Edinburgh: 31 (10) Newcastle Falcons: 13 (13)



I have been transported back in time of late.  The well known - and increasingly exasperating - travails of Scotrail are taking me back to those unreliable travelling days of the 80s.  Last night's match at BT Murrayfield saw the Gunners take five points playing old school, forward oriented rugby.  

And this European season increasingly reminds me of 2003/04, when the Embramen took on and beat the dominant force in European rugby at the time, Stade Toulousain, only to fall against the same opponents in the quarter finals.

Victory over injury ravaged Newcastle Falcons put the Gunners top of Pool 5, on 11 points, three ahead of the visitors and six to the good, for the moment, over third placed Montpellier.  The middle double header in the European pool so often decides whether a club has a fighting chance of qualification.  Should Edinburgh manage the double at Kingston Park next weekend, qualification will be in their hands.

The Gunners dominated this match.  64% possession and 71% territory; 400 metres made to 165; 124 rucks won to 66.  As well as the quantitative data, the qualitative evidence pointed the same way, notably their complete control in the scrummage.  The latter was no surprise, given the extraordinary injury problems that the Falcons had in the front row this week, coupled with the tournament rules.  If anything, the Embramen used the scrum too little, at times being guilty of taking ball quickly at No 8 rather than putting the power on and milking another penalty.  Not pretty, mind, but effective.
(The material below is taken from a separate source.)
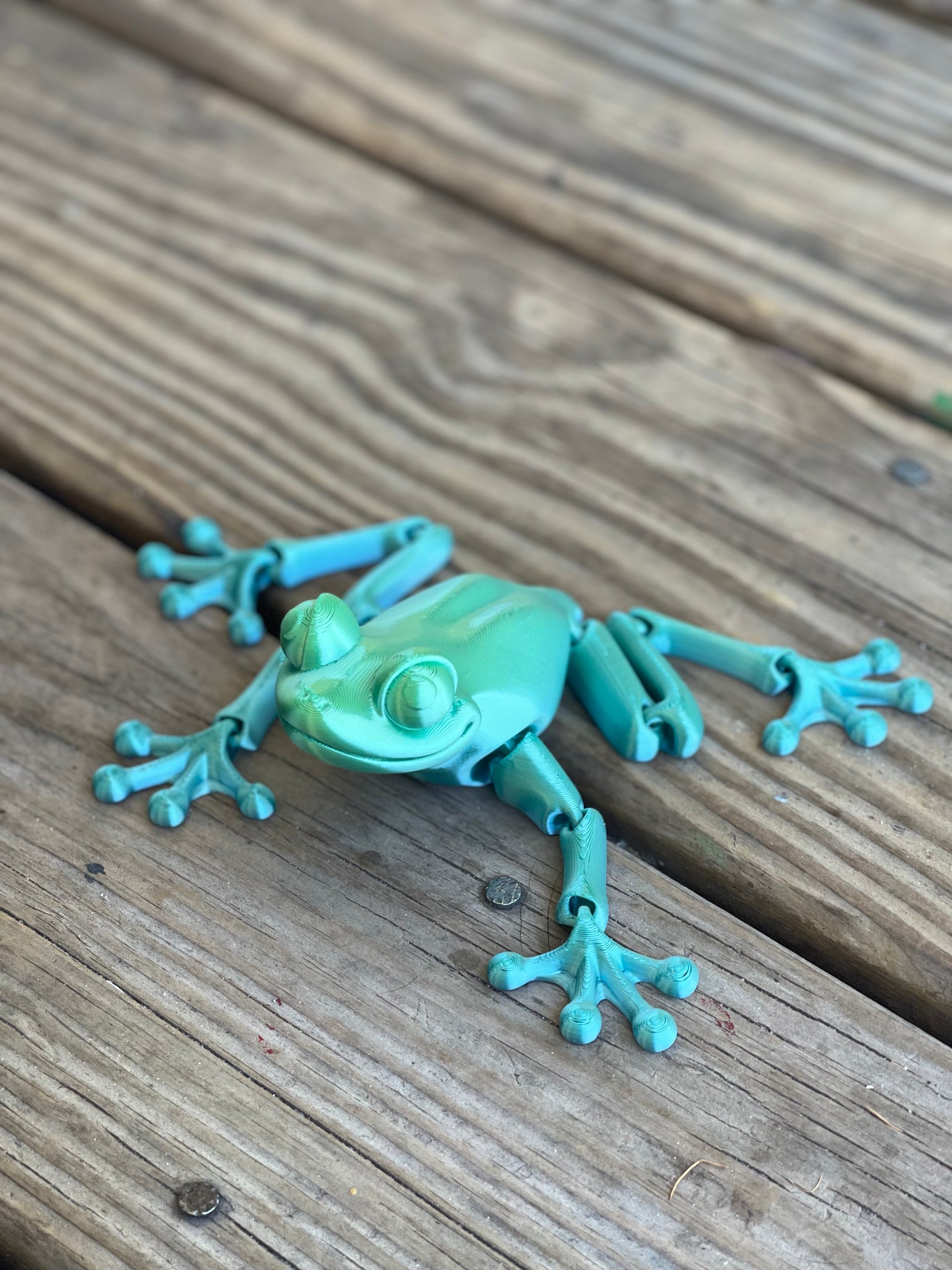 Pilgrim Ride Plaske 3D Printed Frog - Random – TreeHouseCustoms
The visitors battled courageously throughout.  Through a combination of injury and rested players, they were very much an understrength squad.  Not least as the tighthead seat on the bench was left vacant through necessity.  They simply had no eligible players to fill it.  In these days of increased awareness of player safety, particularly in the front row, it just didn't seem right that the tournament rules left them no other option. One had a great deal of sympathy for Falcons' Director of Rugby Dean Richards.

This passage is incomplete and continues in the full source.